La sociedad nos ha convertido en personas cínicas, de esas que esperan que pase lo peor en cada momento pese a que la situación asome un panorama diferente. No es criticable, se trata de nuestro mecanismo de defensa, la precaución, la anticipación y la cautela son nuestras mejores armas.
Al abordar una buseta nos sentamos en los puestos de adelante, porque intuimos que atrás nos podrían robar; cuando usamos el metro evitamos colocar nuestras pertenencias en los bolsillos y descuidar los cierres del bolso, porque tememos un hurto; si toca conducir de noche, descuidamos los semáforos rojos porque tenemos siempre presente la posibilidad de que en la soledad, un motorizado se detenga al lado de la ventana del conductor para reclamar nuestras pertenencias, y quizás nuestra vida en el proceso.
Este mecanismo de defensa se ha trasladado a todas las esferas de nuestra vida cotidiana, hemos llegado a un estado en el que pensamos lo peor de cualquier persona. Podemos en duda la buena intención, la caridad, el sentido común; sospechamos que detrás de cada acción hay saña, oportunismo y maldad. Quizás no sean todos los venezolanos, pero es innegable que una gran mayoría no prestaría su celular a un desconocido para que éste llame a un familiar en otra ciudad, o darle dinero porque “se le quedó la cartera” y esperar una devolución posterior. Hace mucho tiempo perdimos la inocencia.

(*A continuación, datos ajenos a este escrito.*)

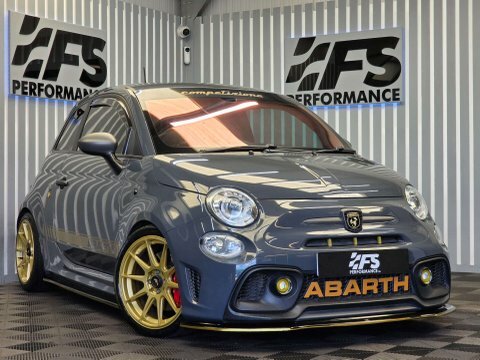 Abarth 595 1.4 T-jet Turismo Euro 6 White #44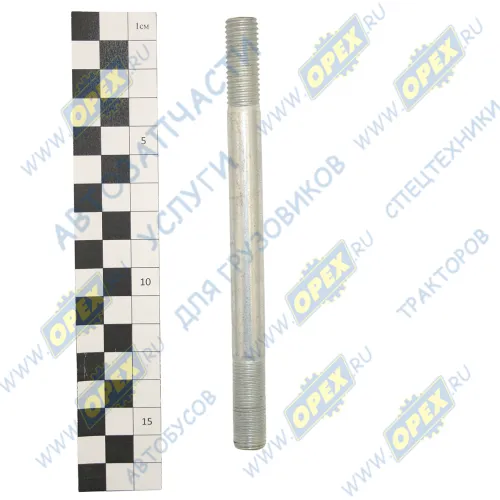 F00421-1003090-119 Шпилька ГБЦ М12 L=142 ( Lрабочая=118) Р1=х1,25 головки блока УАЗ,Газель (дв.УМЗ-4216,А274,421) ГАЗ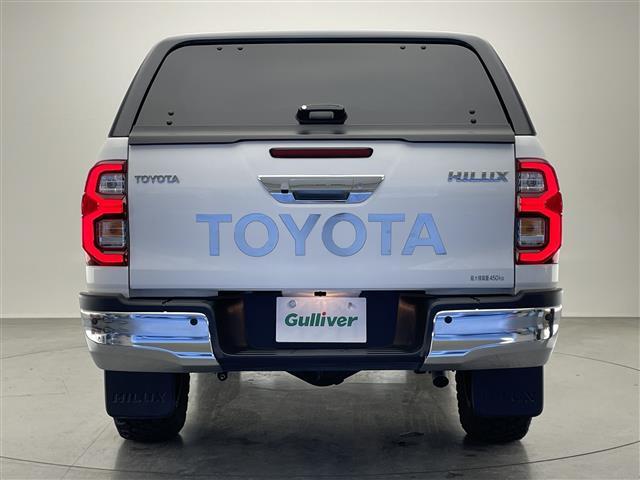 ハイラックス Z 純正ナビ バックカメラ AEROKLASキャノピー JBLスピーカー ETC 純正ドラレコ BATTLEZリフトアップサス GRサイドステップ 純正オーバーフェンダー TRDフィルム 衝突軽減 禁煙車(38枚目)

La paranoia se hace presente incluso en los escenarios más inesperados. Al ver algo que no tiene ninguna señal de ocurrir por un motivo más allá del evidente, nos armamos novelas en la cabeza, con teorías conspirativas que no tienen un sentido además del que alimenta nuestra propia incredulidad.
Pasó recientemente con las declaraciones de Luisa Ortega Díaz y ahora las de Ybram Saab. Pese a que se trata de dos hechos que comprometen seriamente al gobierno y sus intenciones, es evidente que la opinión pública no cree del todo en pronunciamientos de figuras tan estrechamente vinculadas con el oficialismo. El chavismo nos ha mentido tantas veces, que nuestro corazón cree fervientemente que cualquier argumento es falso, un engaño para envolvernos en su red de mentiras una vez más. Incluso más de uno mantiene que la oposición confabula con el gobierno para jugar con el pueblo y repartirse las ganancias. El venezolano ya perdió la confianza en los actores políticos.

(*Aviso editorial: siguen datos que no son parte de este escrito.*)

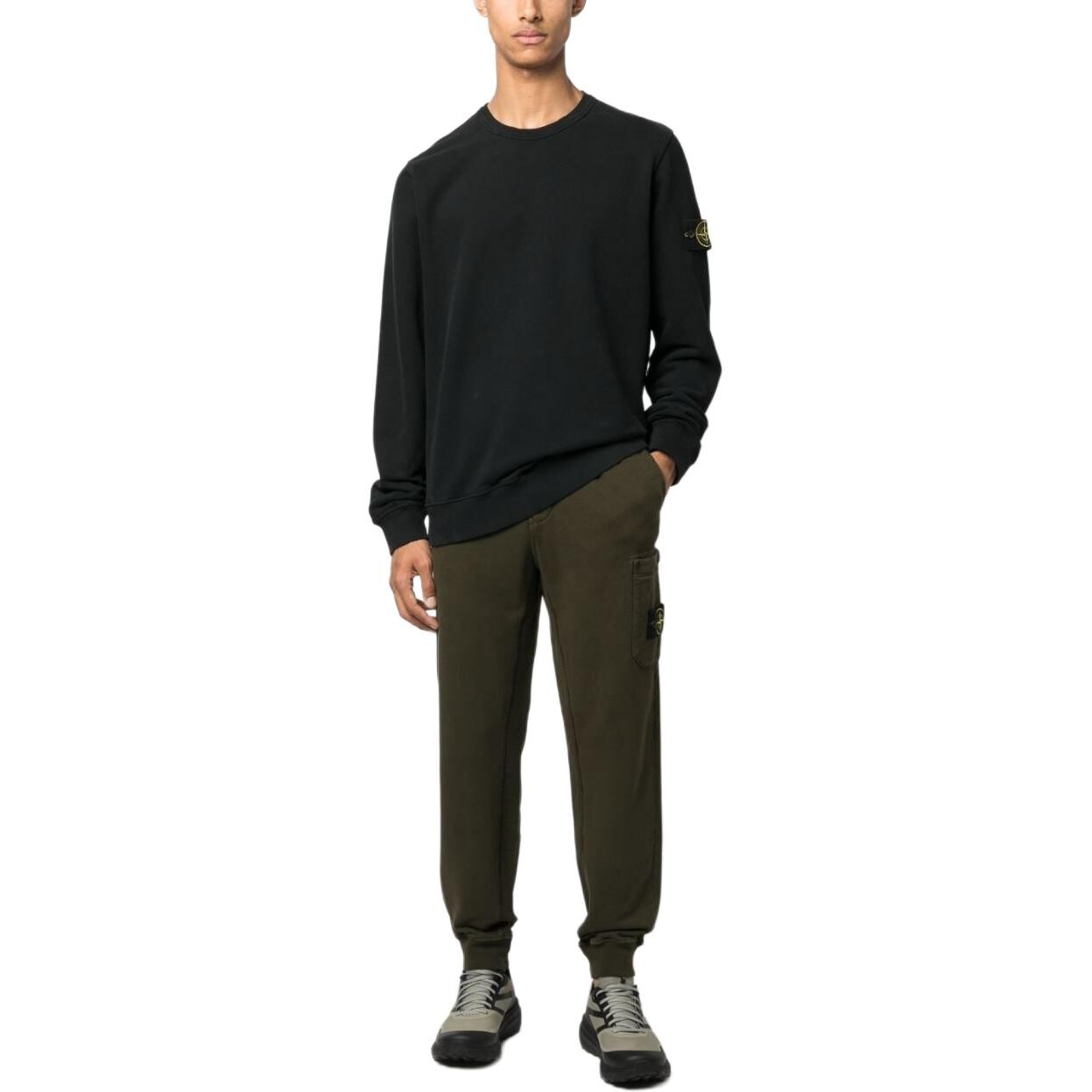 Толстовка мужская Stone Island FW23, черный — фото 4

Me provoca una profunda tristeza que nuestra sociedad viva en este constante estado de paranoia. El presidente de la República habla constantemente de sus esfuerzos por mantener la paz y la armonía del pueblo, pero no parece comprender que la paz no se consigue mitigando las protestas, y que éstas a su vez son consecuencia de que precisamente no tenemos paz ni armonía.
Aunque desaparezca el caos en la que se ha visto sumergida Venezuela los últimos meses con dos polos opuestos pujando con todas sus fuerzas para conseguir el control político de la nación, la paz del venezolano no regresará, porque no se trata de algo superficial, yace en lo profundo de nuestro ser.
Una inmensa preocupación me sumerge al pensar en que, incluso si se da un cambio político y económico, aún si mejora la economía y Venezuela consigue un respiro, ese miedo no desaparecerá. Nuestra cultura se mantendrá igual, con los mismos lobos al acecho de nosotros, las ovejas, que anhelamos día tras día que no nos devoren.
Venezuela hace mucho que dejó de ser ese país con la “gente chévere”, esa que recibe con brazos abiertos a conocidos y desconocidos por igual, aquella que tiene una sonrisa en el rostro sin importar los problemas. Mi mayor anhelo es ver ese alegre país de vuelta.